= Beginning of Section =
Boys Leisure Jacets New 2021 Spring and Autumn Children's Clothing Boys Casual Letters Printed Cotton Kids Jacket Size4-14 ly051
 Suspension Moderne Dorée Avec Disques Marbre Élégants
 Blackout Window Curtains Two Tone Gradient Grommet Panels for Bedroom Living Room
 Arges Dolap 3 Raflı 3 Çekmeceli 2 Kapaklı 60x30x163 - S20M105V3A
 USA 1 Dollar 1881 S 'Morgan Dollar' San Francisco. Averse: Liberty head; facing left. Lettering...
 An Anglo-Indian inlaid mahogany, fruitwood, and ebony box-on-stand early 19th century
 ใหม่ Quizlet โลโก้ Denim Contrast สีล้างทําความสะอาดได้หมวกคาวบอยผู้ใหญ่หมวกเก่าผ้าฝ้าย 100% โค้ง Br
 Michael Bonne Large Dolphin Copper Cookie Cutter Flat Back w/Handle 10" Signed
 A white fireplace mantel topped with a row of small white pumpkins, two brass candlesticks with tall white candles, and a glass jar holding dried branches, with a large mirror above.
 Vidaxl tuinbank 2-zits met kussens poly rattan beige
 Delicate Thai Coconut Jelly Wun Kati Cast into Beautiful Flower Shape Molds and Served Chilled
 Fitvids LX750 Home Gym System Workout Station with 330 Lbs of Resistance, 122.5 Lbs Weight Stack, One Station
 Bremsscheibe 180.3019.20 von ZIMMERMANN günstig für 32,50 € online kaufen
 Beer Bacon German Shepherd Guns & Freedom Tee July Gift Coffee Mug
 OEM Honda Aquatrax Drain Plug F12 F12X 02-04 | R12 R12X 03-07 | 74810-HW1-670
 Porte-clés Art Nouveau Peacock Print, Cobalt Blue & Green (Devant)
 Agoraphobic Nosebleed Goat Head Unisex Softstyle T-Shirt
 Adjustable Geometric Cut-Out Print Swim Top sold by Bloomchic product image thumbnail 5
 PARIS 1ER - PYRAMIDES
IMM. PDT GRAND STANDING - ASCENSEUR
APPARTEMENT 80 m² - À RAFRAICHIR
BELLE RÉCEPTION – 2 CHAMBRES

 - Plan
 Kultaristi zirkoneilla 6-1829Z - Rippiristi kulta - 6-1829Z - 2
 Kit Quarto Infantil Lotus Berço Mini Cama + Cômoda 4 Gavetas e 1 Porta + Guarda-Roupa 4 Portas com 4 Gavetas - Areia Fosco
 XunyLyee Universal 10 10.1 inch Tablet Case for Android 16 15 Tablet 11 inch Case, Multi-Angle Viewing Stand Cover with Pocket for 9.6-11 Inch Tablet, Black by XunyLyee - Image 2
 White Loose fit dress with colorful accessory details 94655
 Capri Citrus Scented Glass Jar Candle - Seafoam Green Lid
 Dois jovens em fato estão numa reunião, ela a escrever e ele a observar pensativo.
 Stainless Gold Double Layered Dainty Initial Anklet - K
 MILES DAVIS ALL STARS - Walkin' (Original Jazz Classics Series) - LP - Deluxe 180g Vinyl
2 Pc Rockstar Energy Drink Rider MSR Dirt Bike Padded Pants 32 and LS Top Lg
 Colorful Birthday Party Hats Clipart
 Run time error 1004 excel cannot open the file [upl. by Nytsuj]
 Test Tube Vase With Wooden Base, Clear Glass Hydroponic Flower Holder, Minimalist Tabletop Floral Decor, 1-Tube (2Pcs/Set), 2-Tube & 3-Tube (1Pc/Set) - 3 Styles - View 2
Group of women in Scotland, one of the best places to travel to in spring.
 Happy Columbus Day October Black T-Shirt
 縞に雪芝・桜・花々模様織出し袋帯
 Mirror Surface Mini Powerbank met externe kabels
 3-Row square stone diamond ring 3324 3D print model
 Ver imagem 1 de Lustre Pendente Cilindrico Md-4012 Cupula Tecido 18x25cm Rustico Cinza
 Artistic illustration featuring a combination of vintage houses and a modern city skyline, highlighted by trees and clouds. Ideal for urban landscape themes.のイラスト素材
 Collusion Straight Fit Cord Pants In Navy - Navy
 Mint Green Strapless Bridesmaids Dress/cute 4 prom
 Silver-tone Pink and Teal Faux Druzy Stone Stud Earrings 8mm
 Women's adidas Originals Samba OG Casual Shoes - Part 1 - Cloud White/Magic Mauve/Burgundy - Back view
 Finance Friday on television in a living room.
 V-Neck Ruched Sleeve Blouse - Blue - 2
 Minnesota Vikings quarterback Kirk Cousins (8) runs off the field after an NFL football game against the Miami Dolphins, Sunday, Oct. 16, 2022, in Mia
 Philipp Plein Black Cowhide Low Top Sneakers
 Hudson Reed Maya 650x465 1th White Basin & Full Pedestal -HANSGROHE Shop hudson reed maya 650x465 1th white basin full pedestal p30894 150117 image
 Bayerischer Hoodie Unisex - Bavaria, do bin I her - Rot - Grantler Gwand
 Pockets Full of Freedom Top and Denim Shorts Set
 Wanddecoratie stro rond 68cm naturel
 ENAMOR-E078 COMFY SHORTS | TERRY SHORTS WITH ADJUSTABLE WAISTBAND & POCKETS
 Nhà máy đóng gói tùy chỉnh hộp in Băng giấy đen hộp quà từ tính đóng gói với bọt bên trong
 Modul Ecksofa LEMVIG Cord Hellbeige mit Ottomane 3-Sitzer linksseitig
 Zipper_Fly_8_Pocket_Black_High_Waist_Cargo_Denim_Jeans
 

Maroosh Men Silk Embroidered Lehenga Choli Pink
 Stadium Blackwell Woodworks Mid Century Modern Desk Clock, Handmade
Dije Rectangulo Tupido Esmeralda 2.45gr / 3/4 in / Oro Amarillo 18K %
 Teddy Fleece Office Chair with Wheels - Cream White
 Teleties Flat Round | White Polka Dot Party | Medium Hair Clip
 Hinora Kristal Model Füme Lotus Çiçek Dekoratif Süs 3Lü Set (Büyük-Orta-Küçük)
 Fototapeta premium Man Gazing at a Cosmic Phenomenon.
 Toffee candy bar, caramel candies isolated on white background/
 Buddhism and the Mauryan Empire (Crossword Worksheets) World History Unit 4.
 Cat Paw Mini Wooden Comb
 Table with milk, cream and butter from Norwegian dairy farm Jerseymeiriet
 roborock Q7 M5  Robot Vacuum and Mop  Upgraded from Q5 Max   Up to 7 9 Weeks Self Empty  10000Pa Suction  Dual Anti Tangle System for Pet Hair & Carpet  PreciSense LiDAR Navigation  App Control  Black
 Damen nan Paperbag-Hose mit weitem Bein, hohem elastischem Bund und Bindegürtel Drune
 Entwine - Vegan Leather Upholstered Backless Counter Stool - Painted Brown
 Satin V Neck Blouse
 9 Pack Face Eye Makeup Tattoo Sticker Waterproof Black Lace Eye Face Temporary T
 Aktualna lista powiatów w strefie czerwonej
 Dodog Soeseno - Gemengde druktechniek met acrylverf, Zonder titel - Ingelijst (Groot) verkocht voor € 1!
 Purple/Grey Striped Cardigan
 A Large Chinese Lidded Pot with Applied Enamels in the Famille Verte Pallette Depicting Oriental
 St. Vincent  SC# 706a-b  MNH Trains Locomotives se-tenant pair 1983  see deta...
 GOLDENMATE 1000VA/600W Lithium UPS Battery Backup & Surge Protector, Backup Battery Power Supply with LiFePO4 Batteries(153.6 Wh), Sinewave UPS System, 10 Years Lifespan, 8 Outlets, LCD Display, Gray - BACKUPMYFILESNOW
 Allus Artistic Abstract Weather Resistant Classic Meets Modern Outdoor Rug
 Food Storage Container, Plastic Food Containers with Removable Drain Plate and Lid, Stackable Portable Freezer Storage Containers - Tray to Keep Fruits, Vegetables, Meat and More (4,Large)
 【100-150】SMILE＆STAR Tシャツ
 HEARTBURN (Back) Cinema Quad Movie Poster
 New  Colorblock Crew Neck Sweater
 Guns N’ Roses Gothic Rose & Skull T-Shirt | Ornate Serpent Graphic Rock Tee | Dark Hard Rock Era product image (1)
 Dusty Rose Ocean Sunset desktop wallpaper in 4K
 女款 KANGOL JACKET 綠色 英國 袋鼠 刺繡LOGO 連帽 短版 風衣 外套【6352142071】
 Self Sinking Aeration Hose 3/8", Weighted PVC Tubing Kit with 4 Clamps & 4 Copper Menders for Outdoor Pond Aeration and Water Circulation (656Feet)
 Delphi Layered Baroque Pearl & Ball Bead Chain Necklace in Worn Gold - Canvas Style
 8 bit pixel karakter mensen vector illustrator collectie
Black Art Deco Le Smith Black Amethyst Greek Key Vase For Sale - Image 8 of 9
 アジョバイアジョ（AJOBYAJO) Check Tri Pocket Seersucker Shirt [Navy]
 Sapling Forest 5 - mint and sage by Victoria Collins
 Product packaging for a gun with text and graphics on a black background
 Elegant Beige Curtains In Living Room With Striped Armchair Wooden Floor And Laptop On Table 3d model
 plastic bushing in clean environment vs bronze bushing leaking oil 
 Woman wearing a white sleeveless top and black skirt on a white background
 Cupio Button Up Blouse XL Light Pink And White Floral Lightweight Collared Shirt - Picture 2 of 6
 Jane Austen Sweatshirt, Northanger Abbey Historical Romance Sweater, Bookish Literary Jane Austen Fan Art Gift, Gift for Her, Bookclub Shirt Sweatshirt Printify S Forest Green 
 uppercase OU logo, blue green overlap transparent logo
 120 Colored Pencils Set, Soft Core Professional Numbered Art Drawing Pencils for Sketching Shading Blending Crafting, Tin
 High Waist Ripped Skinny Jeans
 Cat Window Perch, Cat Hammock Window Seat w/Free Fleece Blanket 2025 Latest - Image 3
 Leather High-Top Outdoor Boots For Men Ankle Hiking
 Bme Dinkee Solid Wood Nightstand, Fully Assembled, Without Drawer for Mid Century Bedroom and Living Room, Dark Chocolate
= End of Section =
» PROBLEM TO SOLVE
Using the entries shown above, reproduce verbatim the lines from the line bearing "Sapling Forest 5" to the line bearing "Woman wearing a", inclusive.

» COMPLETED EXERCISE
 Sapling Forest 5 - mint and sage by Victoria Collins
 Product packaging for a gun with text and graphics on a black background
 Elegant Beige Curtains In Living Room With Striped Armchair Wooden Floor And Laptop On Table 3d model
 plastic bushing in clean environment vs bronze bushing leaking oil 
 Woman wearing a white sleeveless top and black skirt on a white background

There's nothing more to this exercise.